W8JI pointed out to me in a private e-mail that this isn't true.
In the BEST case (all impedances matched and no reactive impedance or
common coax currents), these baluns will see HALF of the antenna terminal
voltage. This is because the choking impedance is shunted across one
antenna terminal and the coax sheild ground.
W8JI also suggested a test that puts twice this best case voltage across
the current balun: Hook up the balun backwards, as a 180-degree phase
shift network. Connect a dummy load to the input, with the sheild
connected to a common ground.. Connect the output terminal that
originates with the coax center conductor to a common ground. Connect the
other output terminal to a signal source fed against the common ground.
A good balun should deliver all the power into the dummy load with very
little loss.
In the worst case of complex feedpoint impedances, mismatched impedances,
and complex currents flowing on the coax sheild -- the actual voltage
across the balun could be MANY TIMES the best case.
>3) The typical rule of thumb for a Type C or D balun is the inductor
>should have at least 10x the reactance of the antenna impedance. (eg 500
>ohms reactance for a 50 ohm feedpoint impedance)

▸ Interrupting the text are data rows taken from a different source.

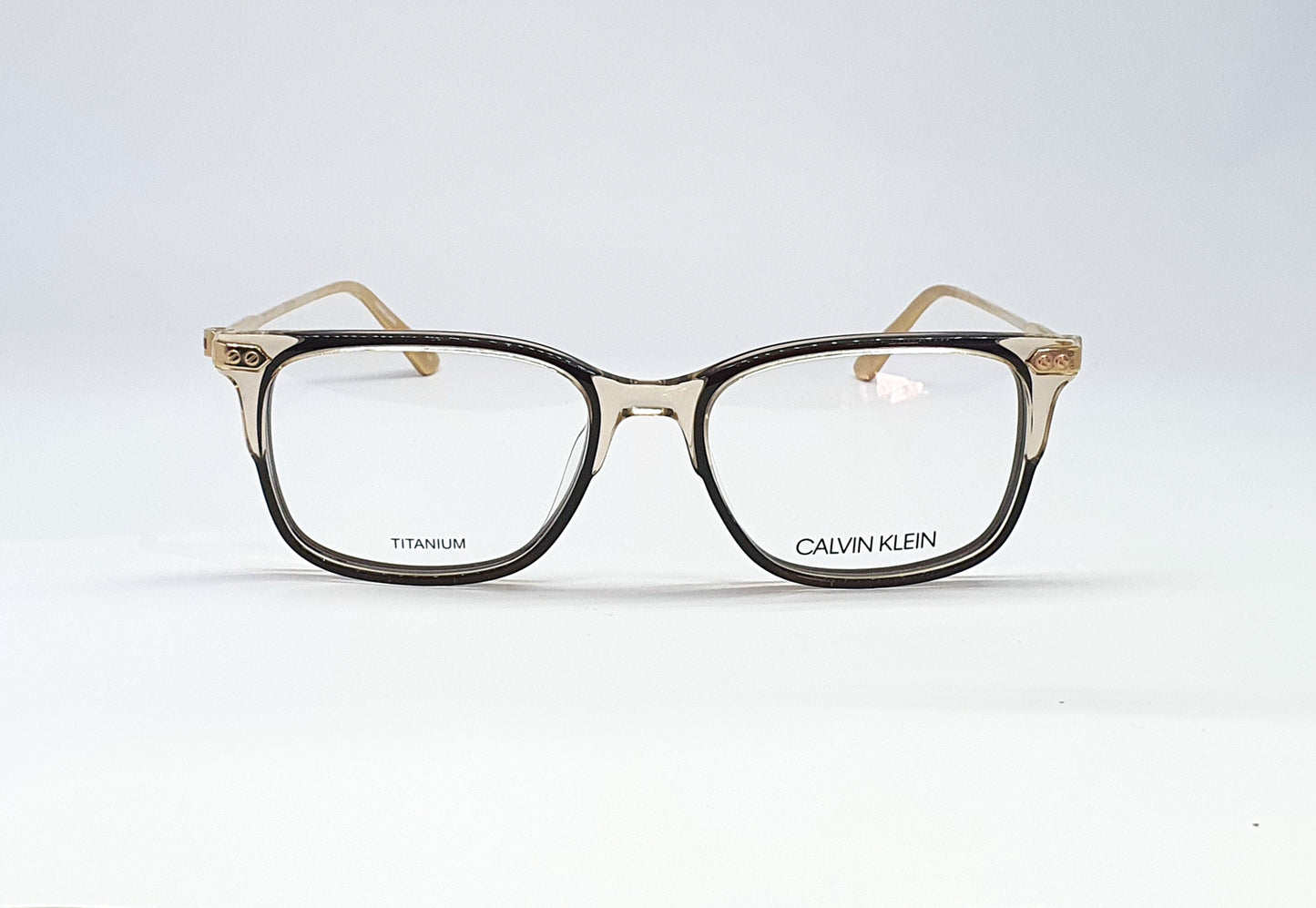 Calvin Klein 18704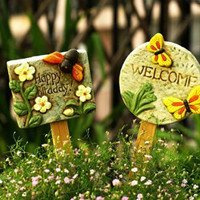 Ѫ�����������������а�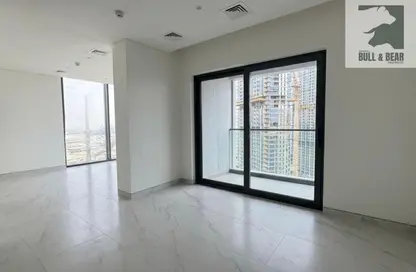 شقة - 2 غرف نوم - 3 حمامات للايجار في شوبا كريك فيستا جراندي - صبحا هارتلاند - مدينة الشيخ محمد بن راشد - دبي شقة - 2 غرف نوم - 3 حمامات للايجار في شوبا كريك فيستا جراندي - صبحا هارتلاند - مدينة الشيخ محمد بن راشد - دبي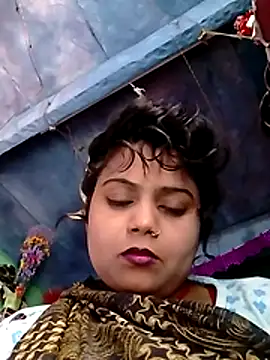 Snapshot of rasim_sexe chatting on 23, 2, 2026 rasim sexe online show from 23, 2, 2026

According to a QEX article by Sabin, W0IYH, the 500 ohms is right but my
formula is wrong. Sabin suggests at least 4 times the sum of the input
impedance, output impedance and the maximum offset impedance of the
output to ground (typically half the output impedance).

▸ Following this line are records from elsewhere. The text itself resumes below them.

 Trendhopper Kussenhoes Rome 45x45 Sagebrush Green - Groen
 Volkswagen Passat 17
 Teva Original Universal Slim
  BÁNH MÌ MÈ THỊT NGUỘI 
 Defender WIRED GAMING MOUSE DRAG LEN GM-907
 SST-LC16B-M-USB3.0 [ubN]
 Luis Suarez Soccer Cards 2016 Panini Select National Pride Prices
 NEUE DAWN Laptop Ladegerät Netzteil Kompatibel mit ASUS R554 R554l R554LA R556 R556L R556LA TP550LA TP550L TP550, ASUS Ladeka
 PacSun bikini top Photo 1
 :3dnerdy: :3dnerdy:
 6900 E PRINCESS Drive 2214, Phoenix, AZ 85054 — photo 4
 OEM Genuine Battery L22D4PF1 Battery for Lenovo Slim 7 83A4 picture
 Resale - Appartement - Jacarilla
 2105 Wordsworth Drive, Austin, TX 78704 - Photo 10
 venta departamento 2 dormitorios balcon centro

For a 1:1 balun for 50 ohms, that's 4 * ( 50 + 50 + 50/2 ) or 500 ohms.
>While it is easy enough
>to compute the reactance of a wire through a bead, or a few turns on a
>core, how does one compute the net capacitance of the windings in a Type
>D balun? How can we predict the series-resonant frequency?
I've asked several EE types this question locally. Unfortunately, the
only useful answer I've gotten is: "Build one and measure it."

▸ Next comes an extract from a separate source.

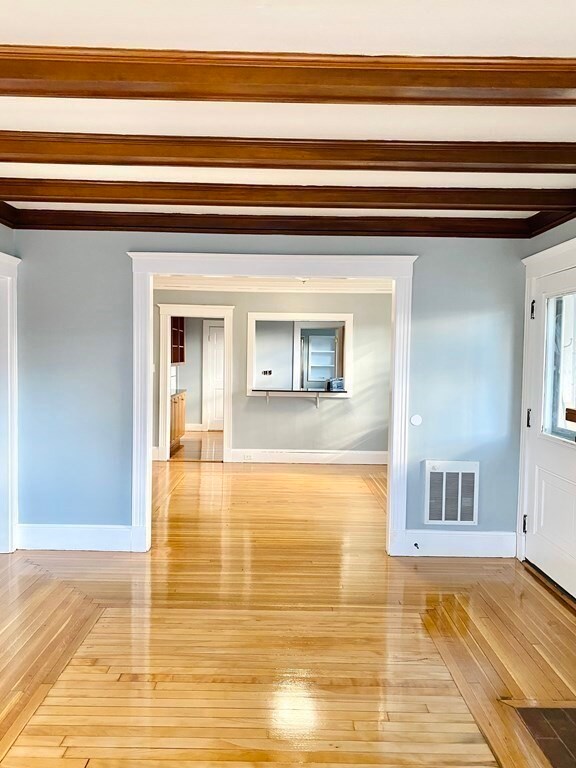 117 Beach St unit 1, Quincy, MA 02170 - photo 5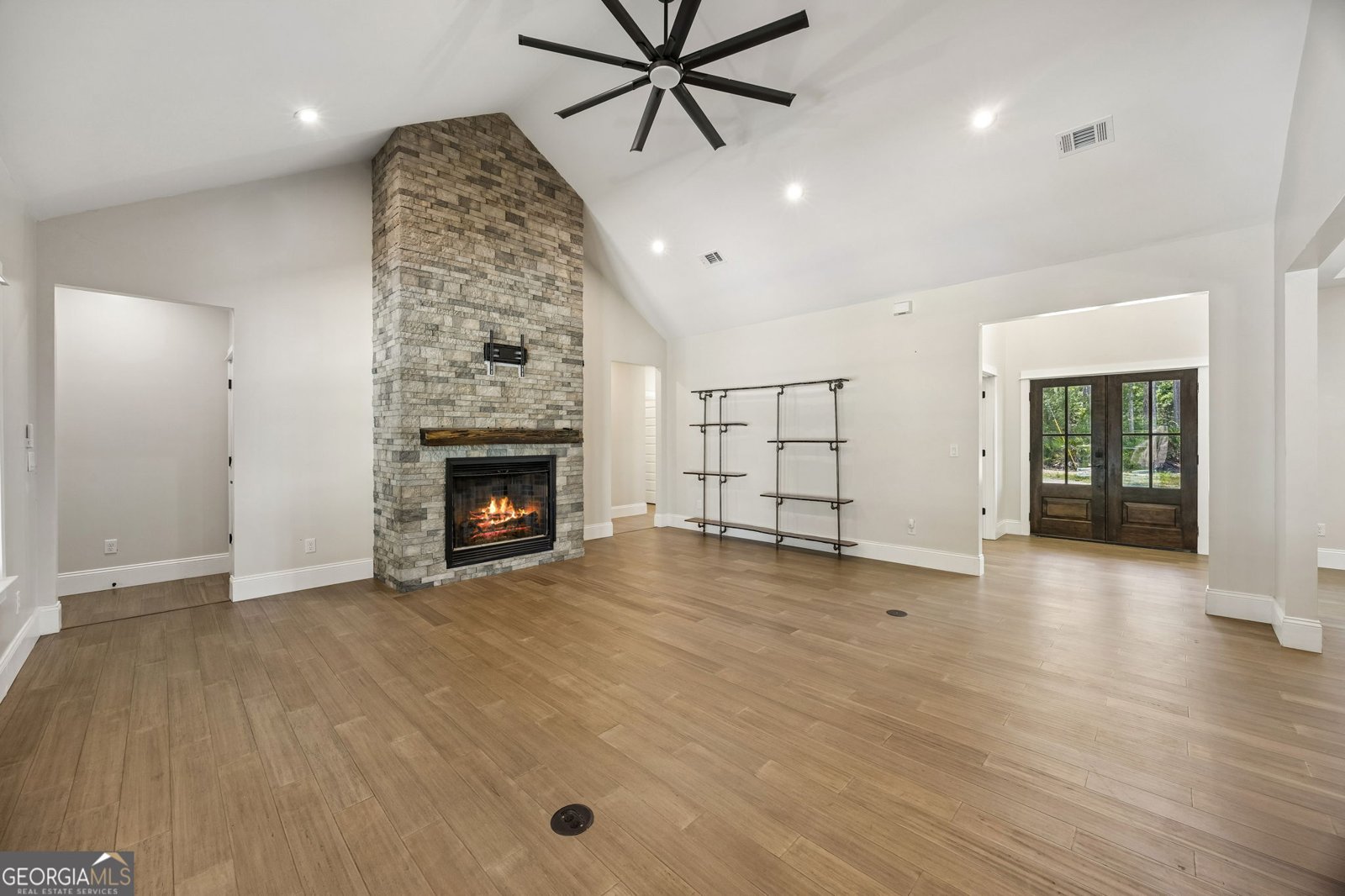 7097 Harrietts Bluff Road Woodbine - Photo 15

>4) For Type C or D, how does one select the material and size of the
>core? Naturally the material depends on the desired reactance, but also
>on the amount of current exciting the core. Core size is also predicated
>on practical considerations (eg how tightly can we wind coax), but also
>on the magnitude of the current. How do we predict or estimate that
>current?
W8JI answered this. We can predict the current by estimating the voltage
across the balun. We know it will be at least HALF the antenna voltage,
in the BEST case. At a minimum, it ought to handle the entire antenna
voltage (W8JI's test case). A more practical balun should handle a
variety of mismatches, and the voltage would be substantially higher -- 2
to 4 times the antenna voltage is probably a better design rule.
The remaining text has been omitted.